Flaubert’s Emma Bovary. Explore cheap essay writing
Flaubert’s Emma Bovary analysis is an example of cheap essay writing.
In a perfect world, which the one Flaubert’s Emma Bovary hankers for in the book “Madame Bovary”, romantic affairs are based on the principle that the two participants are madly in love with each other. However in the society which Flaubert depicts in the text, as in the reality, passion and reason are the only causes people enter into an affair. Some of Bovary’s values are based on reason, but eventually many of her actions and resolutions are driven by the passion. The character of Flaubert’s Emma Bovary in novel “Madame Bovary” was utterly revolutionary for the nineteen century. Whilst Flaubert’s Emma Bovary values were shaped by her surroundings, her actions and decisions were often driven by an intense passion often opposite to societies norms.
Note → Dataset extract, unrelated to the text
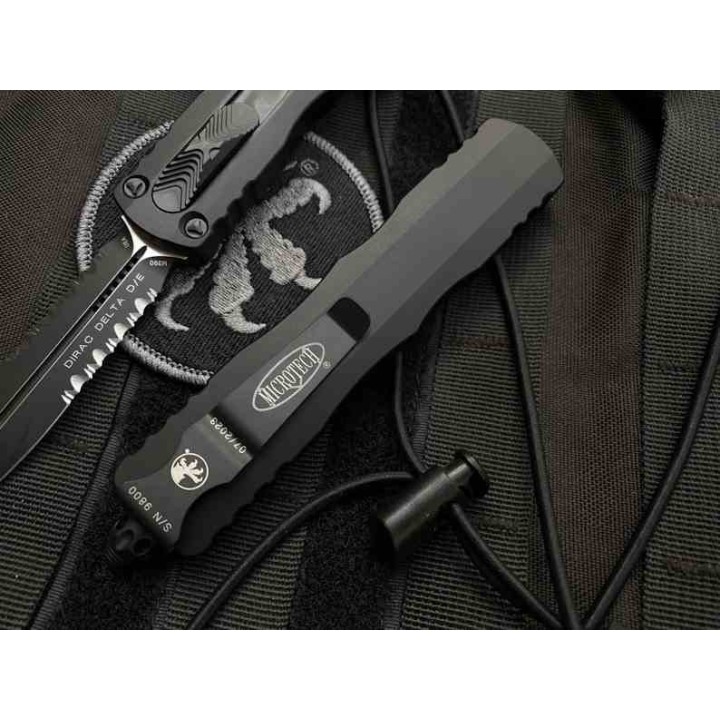 Couteau Automatique OTF Microtech Dirac Delta Lame Dague M390 Noire Serr Manche Alu Noir USA MCT2272T - Livraison Gratuite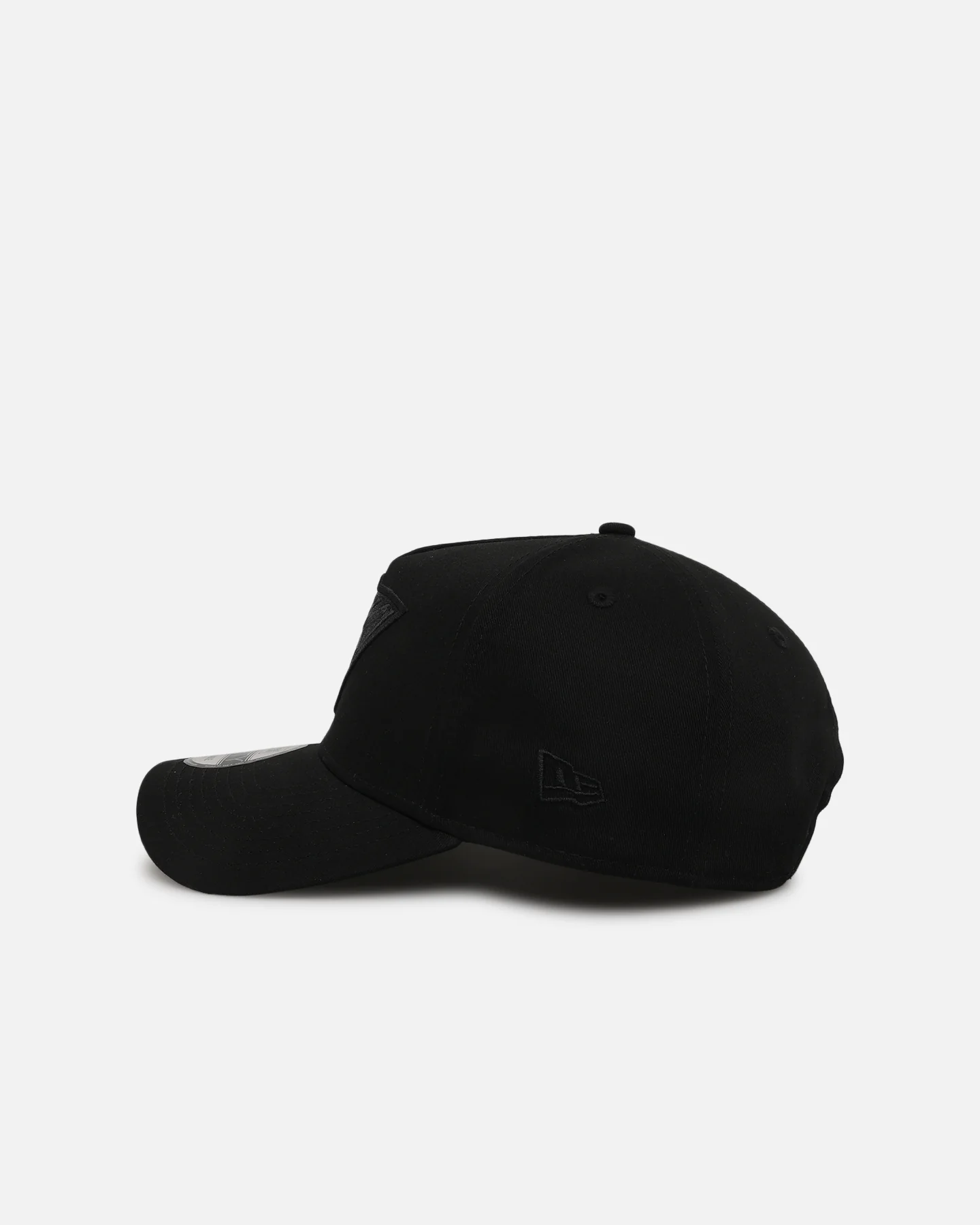 New Era Essendon Bombers 'Triple Black' 9FORTY A-Frame Snapback Black - Image 4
Bovary on her father’s hamlet in the small town, she dreams of romantic relations and extravagance, of run away from the ennui of the country, which described as “a husband wearing a long black velvet cloak, a sugar-loaf and fancy cuffs!” (Flaubert). What Bovary ended up receiving was Charles Bovary, a doctor who, by Emma’s criteria, was “taught nothing, knew nothing, wanted nothing” (Flaubert). She perceives that passion is missing so when she married, she does not reach the happiness she was imagining and is therefore disappointed by her new life. Later, Emma searched for the fulfillment of her yearnings in love affairs, forgot about any reasons. “Before marriage she thought herself in love; but the happiness that should have followed this love not having come, she must, she thought, have been mistaken. And Emma tried to find out what one meant exactly in life by the words felicity, passion, rapture, that had seemed to her so beautiful in books.” (Flaubert). Flaubert’s Emma Bovary blamed her husband and lovers for her disappointed desires, as though they had betrayed her. Emma’s enormous necessity to love and continued dispassion with reality made her incapable to perform rational solutions or even permit her to deal with her problems.
“Love in the Time of Cholera” written by Colombian author Gabriel Garcia Marquez and “Madame Bovary” are showing different approaches to the same issue. This book celebrates, consequently, the vitality achievable in old age, love over desperation, health over disease, life over death. Different ways of understanding, undergoing, and representing love are presented by the novel’s three main heroes—Florentino Ariza, Fermina Daza, and Dr. Juvenal Urbino. For Florentino, love has the qualities of a desire; its fullest expression happen in art (especially in writing), and it stands in conflict to everyday reality, entirely opposition to rational understanding any reasons. Like Flaubert’s Emma Bovary in “Madame Bovary”, Florentino is filled with ideas of love derived from popular literature; he was a comic figure when reality unexpectedly invades into the world of his fascination. Florentino’s destiny suggests neither acceptance to reality nor the continuation of his trust in a wholly delusive kind of love. Another character, Dr. Urbino often appears more grounded in real world than Florentino, he regards marriage as “an absurd invention” (Marquez), and his marriage to Fermina shows a lifelong effort to prevent the absurd and replace it with something that may withstand rational analysis. After Urbino’s death, she recalls his trust in senselessness of ability to love, he said that “the most important thing in a good marriage is not happiness, but stability” (Marquez). When she brought the memories about Urbino with Florentino, she marked that “could not conceive of a husband better than hers had been, and yet when she recalled their life she found more difficulties than pleasures” (Marquez) confessing to Florentino that she does not “really know if it was love or not” (Marquez).
Works cited
Flaubert, Gustave. (2003). Madame Bovary. Penguin Classics.
Marquez, Gabriel Garcia. (1988). Love in the Time of Cholera. Knopf.